Un esempio è la Chiesa dei Martiri Croati nella città di Udbina, un complesso monumentale, di colore bianco, che domina la regione dall’alto. Completato nel 2010, l’edificio rappresenta un “trionfo del nazionalismo cattolico”, un connubio di politica e religione, integrato ad una rivisitazione storica. 

In quest’ottica, la scelta del luogo rappresenterebbe un’unione “spirituale” tra i martiri della battaglia di Krbava contro gli Ottomani nel 1493 con quelli più recenti della Seconda guerra mondiale e del conflitto degli anni ‘90, la cui sofferenza viene esaltata dall’accostamento del memoriale alla replica della Croce di Vukovar. 
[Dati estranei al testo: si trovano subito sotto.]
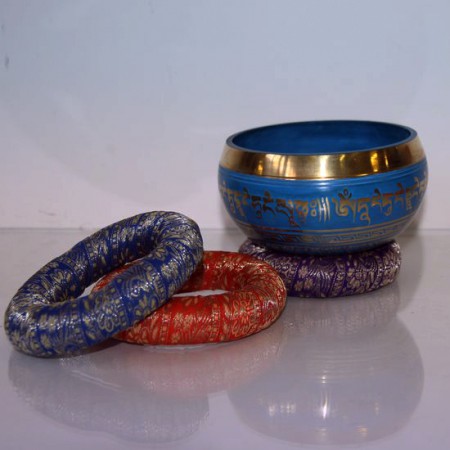 Подушечка бублик DA-PD-12 под поющую чашу d-13 см (искусственный шелк) Индия, в ассортименте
L’aeroporto militare di Udbina fu infatti una della basi strategiche per i bombardamenti serbi diretti alle città croate e all’entroterra bosniaco e in seguito venne preso nell’Operazione Oluja nel 1995. Ad oggi la base non sembra operativa ma resta capitanata all’ingresso da due carri armati e da una grossa bandiera croata.

Quale identità per Knin?

“La vita a Knin è semplice ma pacifica. Una volta all’anno, la città diventa il centro della Croazia” scrive il giornalista Vuk Tesija in un articolo di Balkan Insight del 2023. 
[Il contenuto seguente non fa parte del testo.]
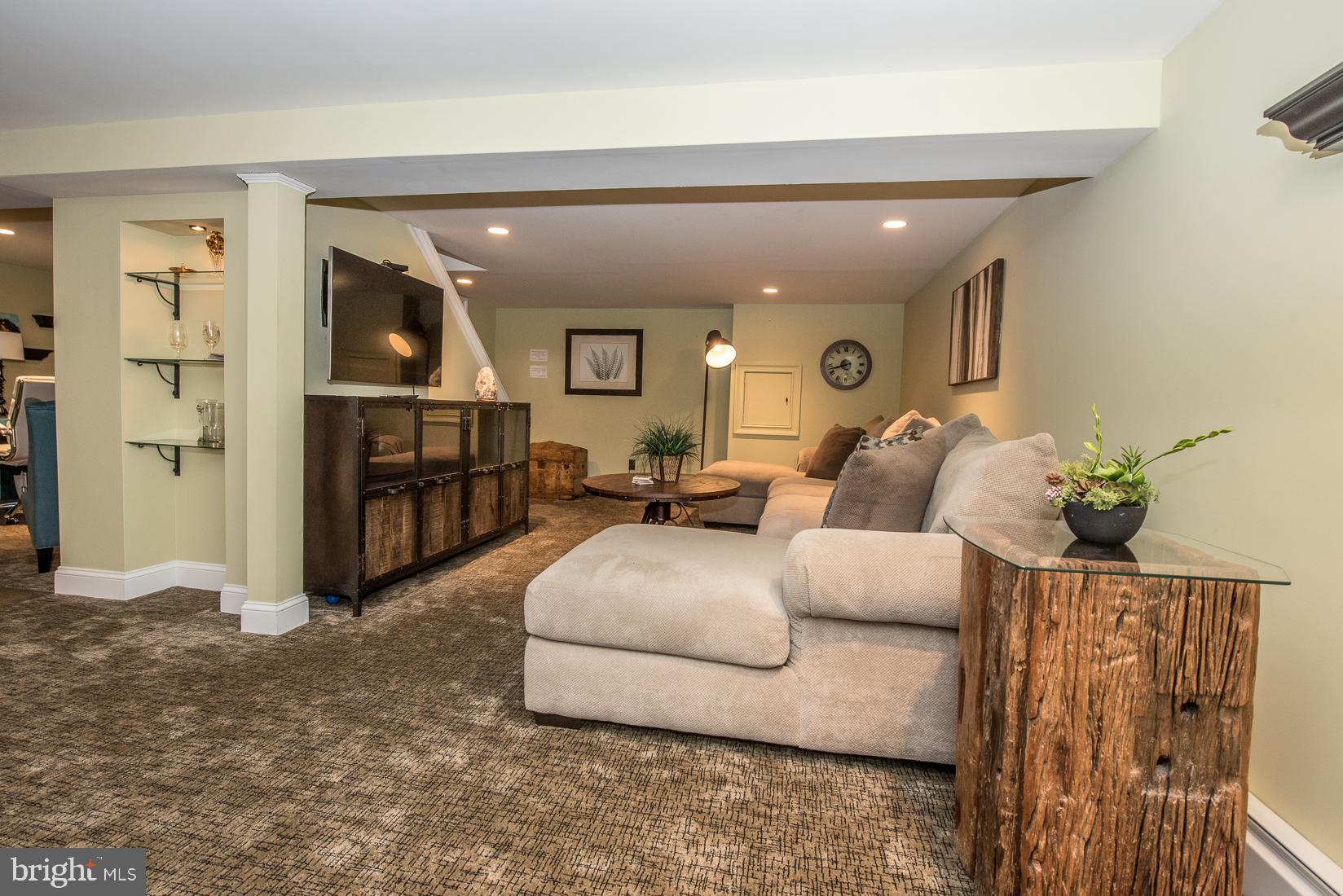 406 Homestead Road Wayne, PA 19087 - Photo 29 of 39 Spacious family room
Osservandola dalla strada principale, Knin si presenta come una piccola cittadina, immersa in una vallata, punteggiata da case con i tetti rossi e condomini jugoslavi non particolarmente alti. La fortezza medievale, che domina la città con la sua bandiera nazionale alta 25 metri, non è visibile fin da subito e questo consente ai viaggiatori di osservare Knin nella sua semplicità. 

È sabato mattina e la città si sta godendo l’inizio del weekend. I caffè e i giardini sono occupati per lo più dai residenti o dai rari turisti locali, le strade sono poco trafficate, nei negozi procede un lento viavai. 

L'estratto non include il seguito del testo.